2.      Pendekatan Normatif Dalam Studi Islam dengan Studi Al-Qur’an
Metode yang dapat diambil dari studi Al-Qur’an yaitu metode penafsiran Al-Qur’an. Menurut hasil penelitian Quraish Shihab, bermacam-macam metodologi tafsir dan coraknya telah diperkenalkan dan diterapkan oleh paka-pakar Al-Qur’an.
Metode penafsiran Al-Qur’an tersebut secara garis besar dapat dibagi menjadi dua bagian yaitu:

1.         Tafsir Bil-Ma’tsur
Tafsir bil-ma’tsur ialah tafsir yang berdasarkan pada kutipan-kutipan yang shahih menurut urutan yang telah disebutkan di muka dalam syarat-syarat mufasir. Yaitu menafsirkan Qur’an dengan Qur’an, dengan sunnah karena ia berfungsi menjelaskan Kitabullah.[3]
2.         Tafsir Bil-Ra’yu
Tafsir bil-ra’yu ialah tafsir yang di dalam menjelaskan maknanya para mufasir hanya berpegang pada pemahaman sendiri dan penyimpulan (istinbat) yang didasarkan pada ra’yu semata. Ra’yu semata yang tidak disertai bukti-bukti akan membawa penyimpangan terhadap Kitabullah.[4]
Al-Farmawi membagi metode tafsir yang bercorak penalaran ini kepada empat macam metode, yaitu :
a.       Metode Tahlily
Metode tahlily yaitu metode tafsir yang mufassirnya berusaha menjelaskan kandungan ayat-ayat al-Qur’an dari berbagai seginya dengan memperhatikan runtutan ayat-ayat al-Qur’an sebagaimana tercantum di dalam mushaf. Dalam hubungan ini mufassir mulai dari ayat ke ayat berikutnya, atau dari surat ke surat berikutnya dengan mengikuti urutan ayat atau surat sesuai dengan yang termaktub di dalam mushaf. Segala segi yang dianggap perlu oleh seorang mufassir tahlily diuraikan. Yaitu bermula dari kosa kata, asbabun nuzul, munasabat, dan lain-lain.
b.      Metode Ijmali
Metode ijmali yaitu metode yang menafsirkan ayat-ayat al-Qur’an dengan menunjukkan kandungan makna yang terdapat pada suatu ayat secara global. Dengan metode ini seorang mufassir cukup dengan menjelaskan kandungan yang terkandung dalam ayat tersebut secara garis besar saja.

c.       Metode Muqarin
Metode muqarin dilakukan dengan cara membandingkan ayat Al-Qur’an yang satu dengan yang  lainnya. Penafsiran ini dapat dilakukan sebagai berikut :
1)      Menginventarisasi ayat-ayat yang mempunyai kesamaan dan kemiripan redaksi
2)      Meneliti kasus yang berkaitan dengan ayat-ayat tersebut
3)      Mengadakan penafsiran
d.   Metode Maudlu’iy
Metode ini berupaya menghimpun ayat-ayat al-Qur’an dari berbagai surat yang berkaitan dengan persoalan atau topik yang ditetapkan sebelumnya.
            Dengan mengetahui berbagai corak penafsiran al-Qur’an seperti di atas, maka kita akan mengetahui isi kandungan al-Qur’an, memahami makna-maknanya,  dan mengaplikasikan ajaran al-Qur’an dengan kehidupan sehari-hari.
            Adapun tafsir yang harus diikuti dan dipedomani ialah tafsir ma’tsur. Karena ia adalah jalan pengetahuan yang benar dan merupakan jalan paling aman untuk menjaga diri dari tergelincir dari kesesatan dalam memahami Kitabullah.

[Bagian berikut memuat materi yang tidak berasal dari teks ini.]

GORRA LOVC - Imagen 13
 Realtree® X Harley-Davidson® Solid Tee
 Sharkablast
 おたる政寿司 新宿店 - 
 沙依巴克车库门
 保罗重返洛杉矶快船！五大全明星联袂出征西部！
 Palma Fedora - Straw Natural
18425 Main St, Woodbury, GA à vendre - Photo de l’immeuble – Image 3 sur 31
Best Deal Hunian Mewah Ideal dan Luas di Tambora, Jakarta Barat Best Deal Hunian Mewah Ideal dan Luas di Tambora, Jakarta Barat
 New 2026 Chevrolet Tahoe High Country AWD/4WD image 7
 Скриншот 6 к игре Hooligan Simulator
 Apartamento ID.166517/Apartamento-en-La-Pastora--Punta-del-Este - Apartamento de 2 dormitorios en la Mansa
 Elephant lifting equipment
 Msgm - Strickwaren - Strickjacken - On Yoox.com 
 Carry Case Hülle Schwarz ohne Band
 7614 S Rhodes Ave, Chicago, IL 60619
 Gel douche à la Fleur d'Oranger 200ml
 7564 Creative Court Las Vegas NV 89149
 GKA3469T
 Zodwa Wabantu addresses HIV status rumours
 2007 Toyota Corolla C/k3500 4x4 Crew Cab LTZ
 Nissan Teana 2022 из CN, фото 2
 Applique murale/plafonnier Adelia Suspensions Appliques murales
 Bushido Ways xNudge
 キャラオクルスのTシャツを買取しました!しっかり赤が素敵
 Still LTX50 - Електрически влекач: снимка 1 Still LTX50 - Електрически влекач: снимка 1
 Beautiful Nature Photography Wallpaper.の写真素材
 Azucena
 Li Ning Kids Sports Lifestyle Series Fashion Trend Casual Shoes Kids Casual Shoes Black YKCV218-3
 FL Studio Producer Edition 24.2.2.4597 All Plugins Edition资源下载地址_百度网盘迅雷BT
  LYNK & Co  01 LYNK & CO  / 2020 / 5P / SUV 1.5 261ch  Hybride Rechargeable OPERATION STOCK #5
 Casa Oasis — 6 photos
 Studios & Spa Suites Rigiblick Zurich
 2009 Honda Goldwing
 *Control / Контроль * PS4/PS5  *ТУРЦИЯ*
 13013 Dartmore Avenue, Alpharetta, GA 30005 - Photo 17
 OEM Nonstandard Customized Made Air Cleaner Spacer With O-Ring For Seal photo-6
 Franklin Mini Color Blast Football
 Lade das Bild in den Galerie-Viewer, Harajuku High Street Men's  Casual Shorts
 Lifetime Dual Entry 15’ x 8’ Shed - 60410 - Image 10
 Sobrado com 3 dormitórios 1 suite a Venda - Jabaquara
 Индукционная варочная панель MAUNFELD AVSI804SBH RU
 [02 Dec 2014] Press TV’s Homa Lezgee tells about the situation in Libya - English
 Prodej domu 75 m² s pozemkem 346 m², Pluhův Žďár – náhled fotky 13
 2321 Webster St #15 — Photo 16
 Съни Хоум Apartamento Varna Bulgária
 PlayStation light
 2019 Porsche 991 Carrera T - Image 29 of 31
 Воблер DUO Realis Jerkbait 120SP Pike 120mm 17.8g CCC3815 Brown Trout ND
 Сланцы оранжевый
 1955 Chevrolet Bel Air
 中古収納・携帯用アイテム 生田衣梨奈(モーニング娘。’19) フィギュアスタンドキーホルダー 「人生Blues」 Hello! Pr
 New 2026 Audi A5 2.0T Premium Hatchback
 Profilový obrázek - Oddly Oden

3.      Pendekatan Normatif Dalam Studi Islam dengan Studi Hadits
A.        Pengertian Takhrijul Hadits
            Takhrij Hadits adalah bentuk masdar dari fiil madhi yang secara bahasa berarti mengeluarkan sesuatu dari tempat. Sedangkan Takhrij menurut ahli hadits memliki tiga macam pengertian, yaitu :
1.             Usaha mencari sanad hadits yang terdapat dalam kitab hadits karya orang lain, yang tidak sama dengan sanad yang terdapat dalam kitab tersebut.
2.             Suatu keterangan bahwa hadits yang dinukilkan ke dalam kitab susunannya itu terdapat dalam kitab lain yang telah disebutkan nama penyusunannya.
3.             Suatu usaha mencari derajat, sanad, dan rawi hadits yang tidak diterangkan oleh penyusun atau pengarang suatu kitab.[5]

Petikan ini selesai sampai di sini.